Chapter 11: Why Service Outages are Like Dandelions – The ITSM Iron Triangle

CHAPTER 11: WHY SERVICE OUTAGES ARE LIKE DANDELIONS

The War Room was jammed and noisy. The air was stale, and smelled of carpets and furniture that hadn’t been cleaned in a long time. Several large bags of empty Chinese take-out containers were overflowing the trash can. And someone was already making the fourth pot of coffee.

The good news was, we were just starting to get some traction on the first SEV1 service outage of the evening, when the second one cascaded in. But nobody got flustered like in the old days. The incident response team passed the work out, and assigned people to the second one without a hitch.

All the work everyone had put into improving incident management was paying off. The junior SMEs were focused on restoration and workarounds, while the more senior staff dug into the events, trying to identify and capture key bits of data that would prove critical later, during the root cause phase of problem management.

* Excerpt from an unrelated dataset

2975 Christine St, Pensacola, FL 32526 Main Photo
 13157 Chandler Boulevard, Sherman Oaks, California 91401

I was really proud of them, and I guess a little of myself. I was the architect behind the new processes. I had translated the standards into procedures and tasks that meshed well with our organization and skill sets. The tools were still crude. We were loading data into spreadsheets and simple databases, but that had been a conscious decision. It didn’t make sense to stand up a tool until we knew what we needed that tool to do. I kept reminding myself, first people, then process, then tools.

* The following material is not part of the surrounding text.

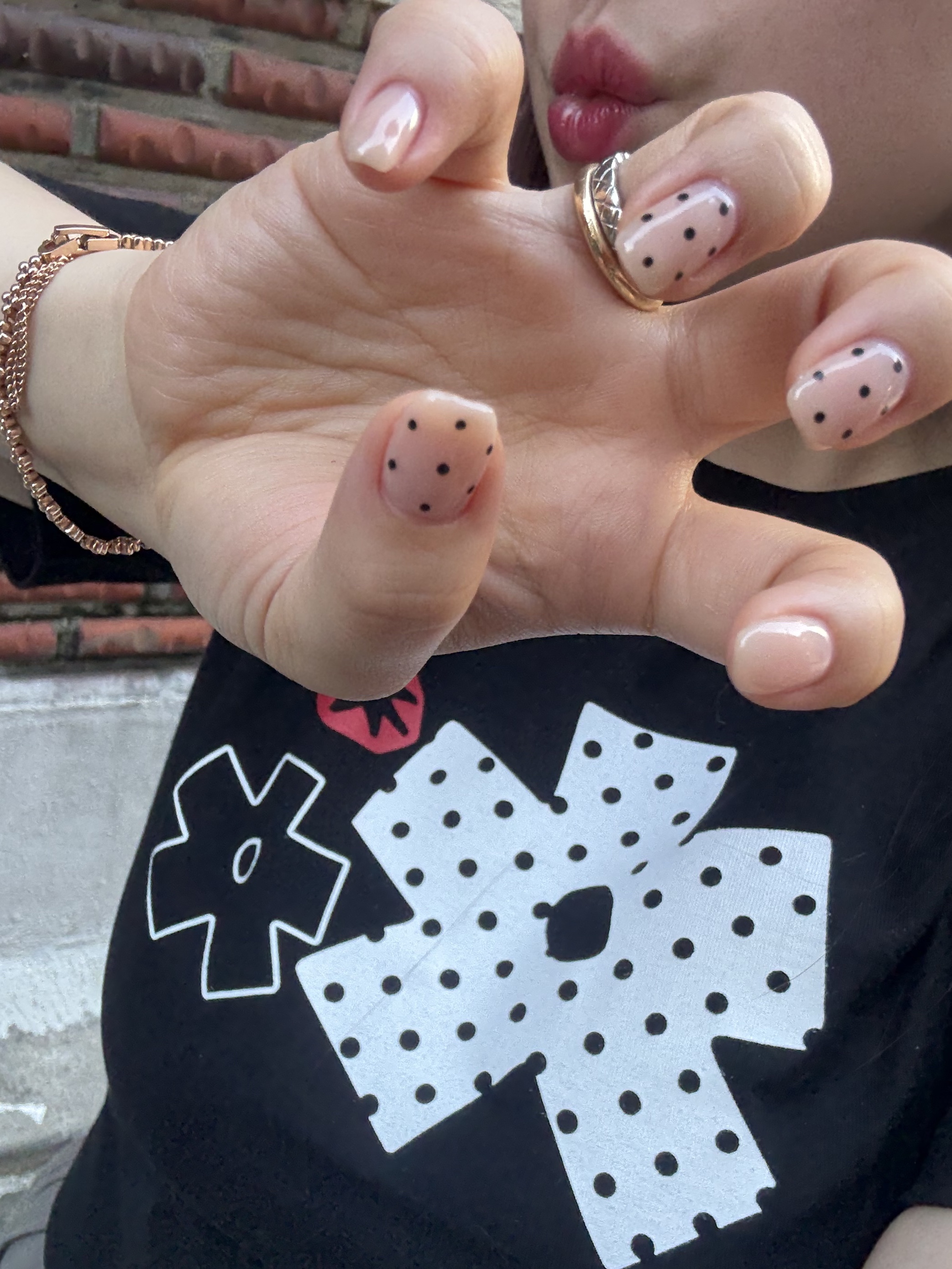 SLOW RECORD HOUSE Polka Dot Star T-Shirt Black 착용 스타일 - 5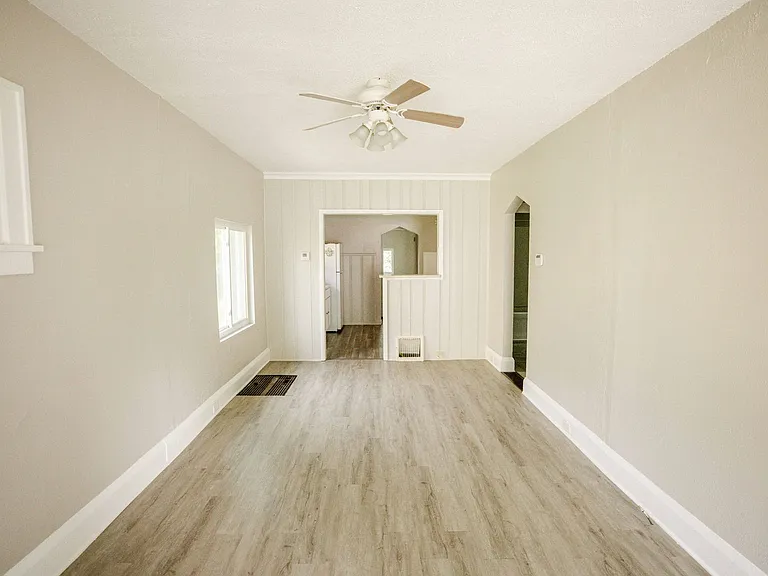 932 Turner Ave — Photo 1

It had taken a lot of work to get incident management aligned with problem management, so both processes were using the same categorization schemes. I’d long since lost track of how many hours I’d spent with each of the technical teams convincing them to give it a chance. Fortunately, it had paid off almost immediately.

Now it was so much easier to track incidents directly, from incident management, through root cause and remediation. Trends were even starting to appear. The problem management meetings were now reasonably well attended by the managers of the technical teams, and although it took us a little while, everyone was finally in sync, that the meeting was not a working session; that it was strictly a status readout and making commitments. I knew that Ramesh was pleased at how far we’d come when he started asking when problem management was going to start reducing the number of incidents. And in talking with one of Mia’s DBAs, I discovered what a cultural klutz I had been during my meeting with her. It had taken a little while, but I had even repaired that relationship, and she was now participating in problem management, along with everyone else.

But two major SEV1s at the same time was going to be a challenge. It would mean careful prioritization of resources. Sean was a great help there. He seemed to instinctively know where and how he could skimp at any given moment, without slowing down the final result. It was almost as if, from experience, he was able to carry a master project plan around in his head.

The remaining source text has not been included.